#### Task statement
What you write must match, character for character, the lines from the one with "Best Choice Products" down to the one with "PVCThoraciccatheters Instructions |" in the listing below, minus its pictures.

#### Data shown
>>>
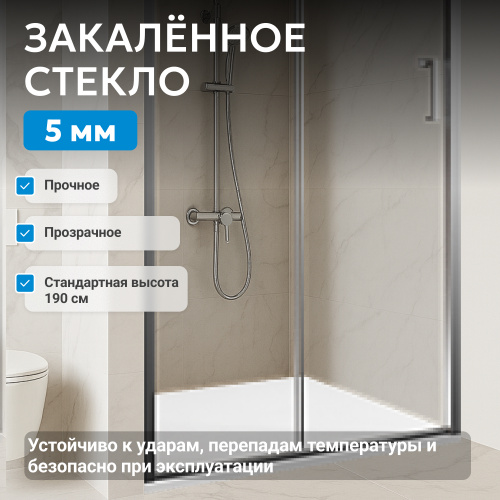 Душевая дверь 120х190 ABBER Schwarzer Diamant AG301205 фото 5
<<<
>>>
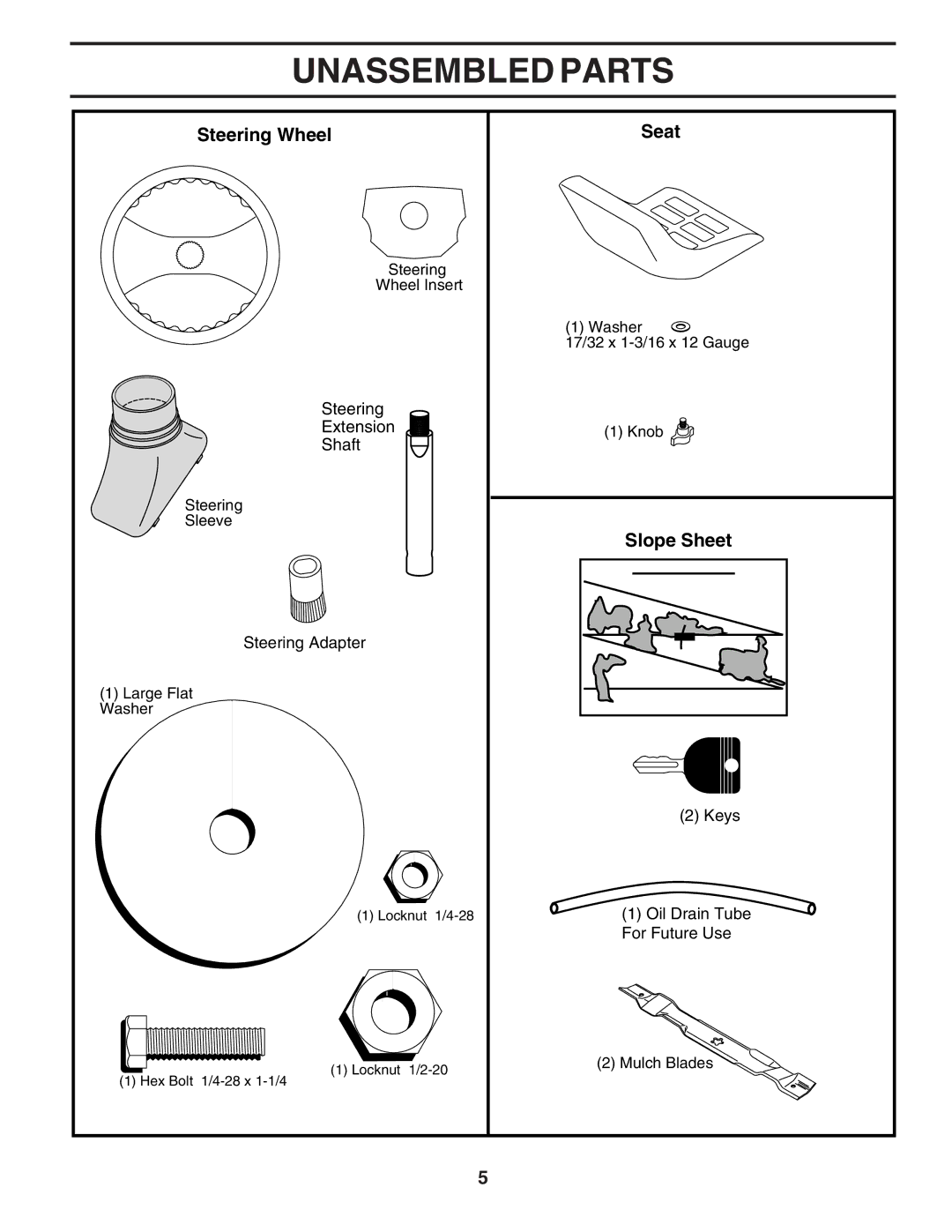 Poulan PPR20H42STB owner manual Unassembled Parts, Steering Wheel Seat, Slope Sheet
<<<
>>>
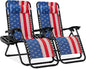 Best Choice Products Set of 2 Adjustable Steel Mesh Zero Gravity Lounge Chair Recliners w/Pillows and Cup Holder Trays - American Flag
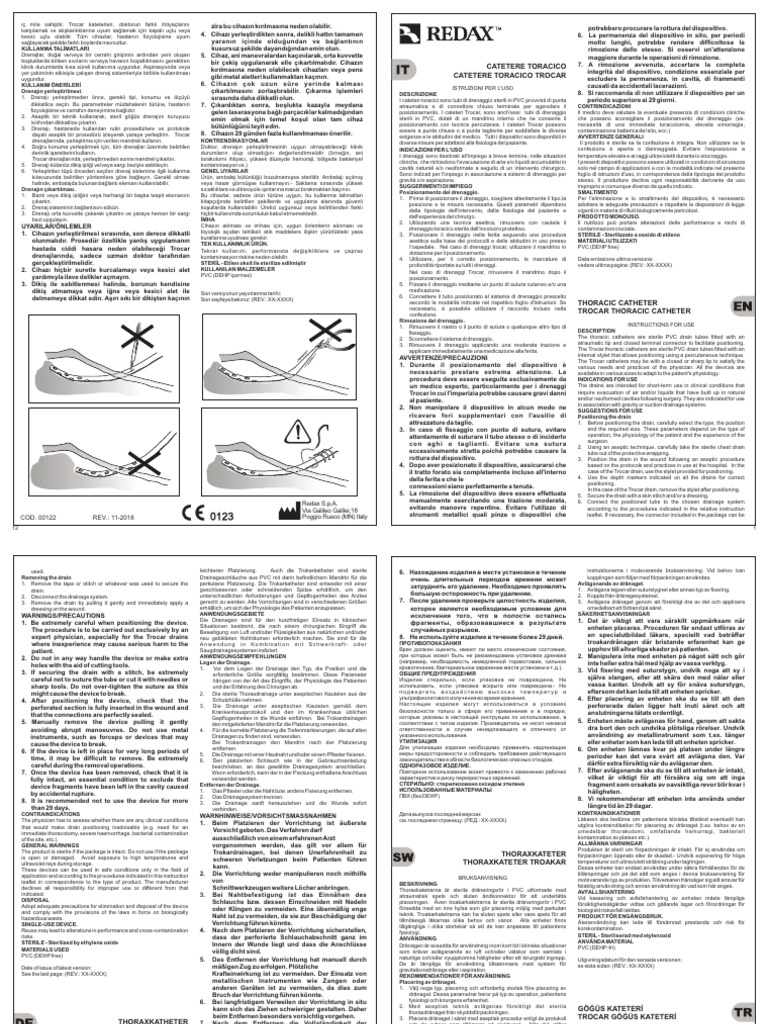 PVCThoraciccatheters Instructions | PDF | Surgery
<<<
#### Solution for this exercise
 Best Choice Products Set of 2 Adjustable Steel Mesh Zero Gravity Lounge Chair Recliners w/Pillows and Cup Holder Trays - American Flag
 PVCThoraciccatheters Instructions | PDF | Surgery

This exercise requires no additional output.